▸ Your instructions:
Using the listing below, please print exactly the lines from the one with "Spain's Victor Munoz" through the one with "A well-maintained open-plan". Leave out every picture.

▸ Information shown:
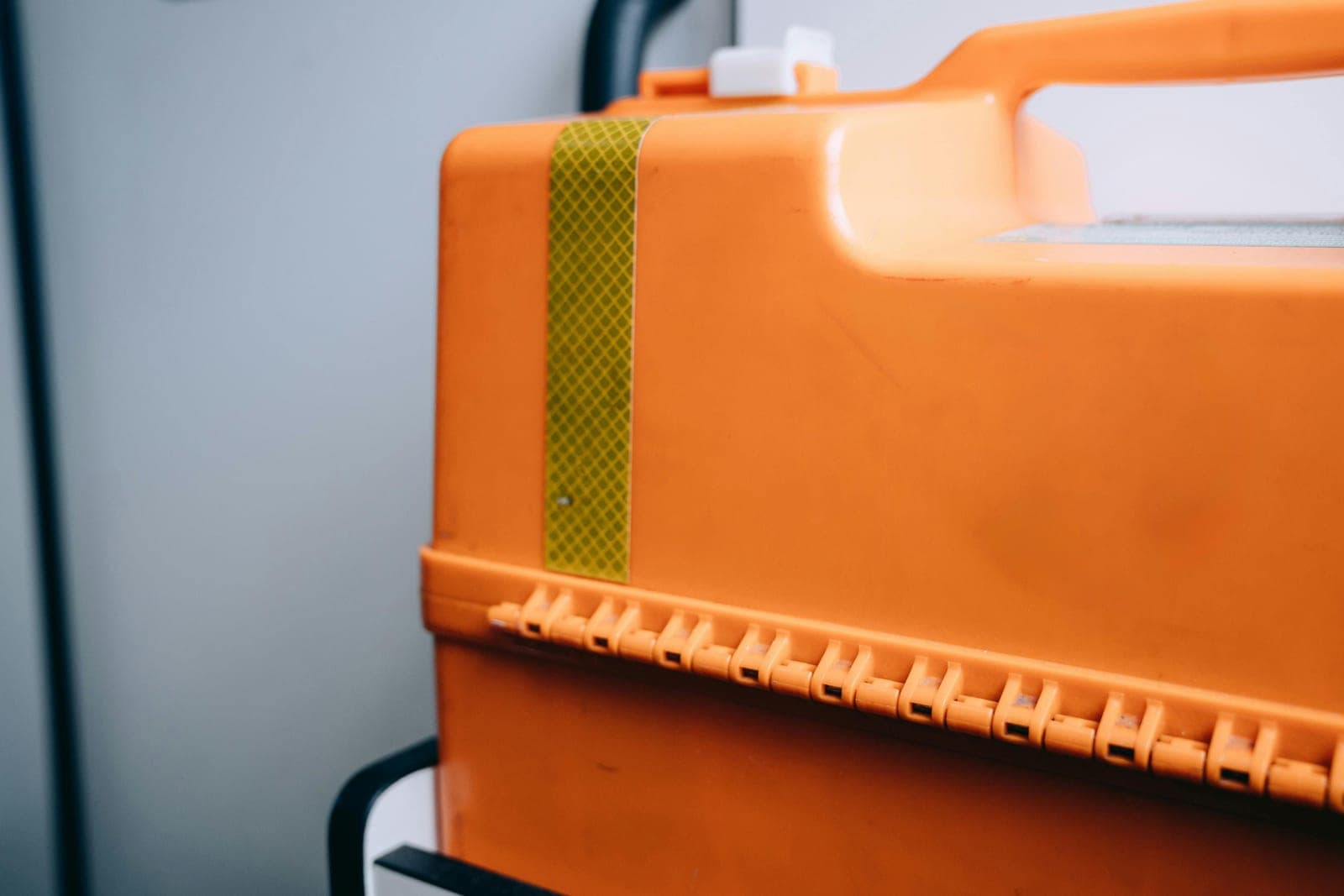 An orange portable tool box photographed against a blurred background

--

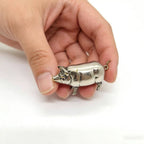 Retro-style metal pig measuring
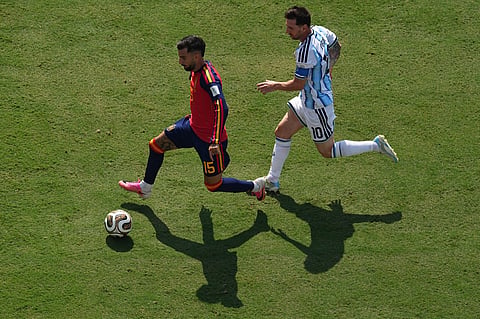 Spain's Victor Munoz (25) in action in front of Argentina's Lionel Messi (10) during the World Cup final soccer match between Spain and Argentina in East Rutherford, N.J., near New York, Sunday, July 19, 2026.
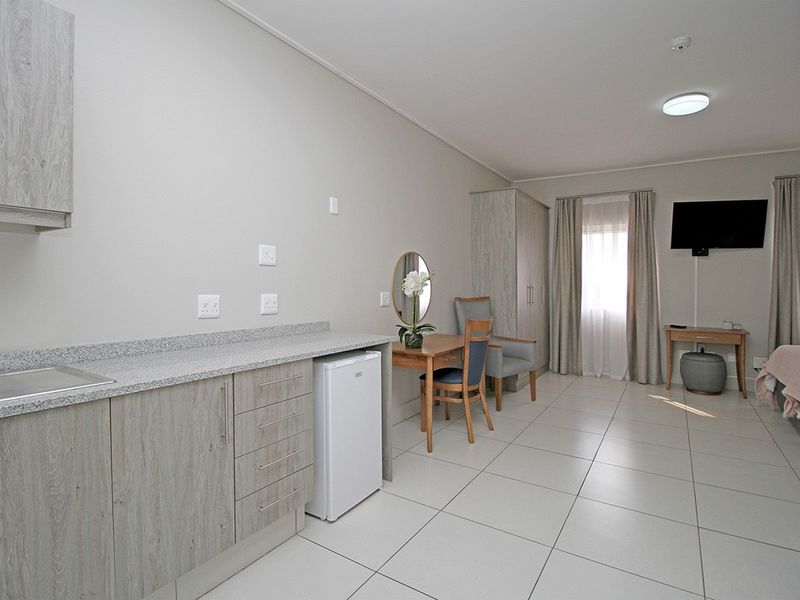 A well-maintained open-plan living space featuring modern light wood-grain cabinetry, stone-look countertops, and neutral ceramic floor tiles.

==

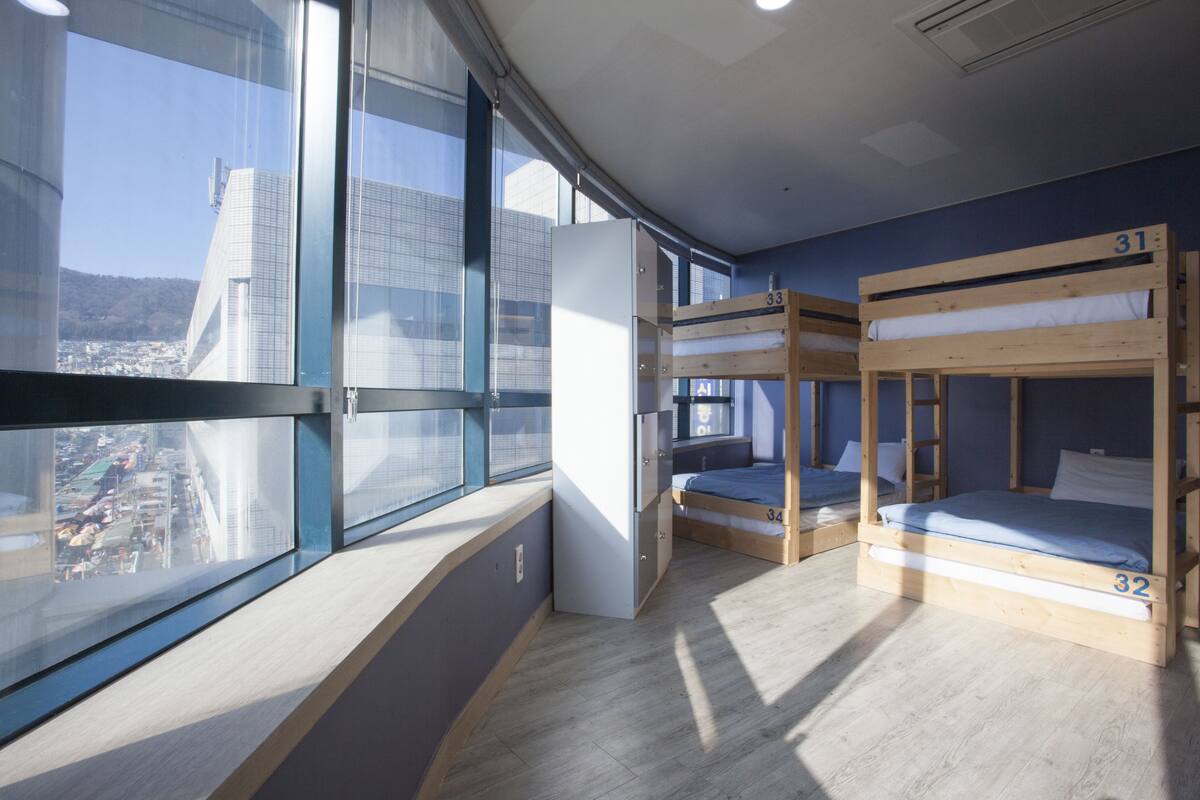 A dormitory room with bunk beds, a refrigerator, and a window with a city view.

▸ Written solution:
 Spain's Victor Munoz (25) in action in front of Argentina's Lionel Messi (10) during the World Cup final soccer match between Spain and Argentina in East Rutherford, N.J., near New York, Sunday, July 19, 2026.
 A well-maintained open-plan living space featuring modern light wood-grain cabinetry, stone-look countertops, and neutral ceramic floor tiles.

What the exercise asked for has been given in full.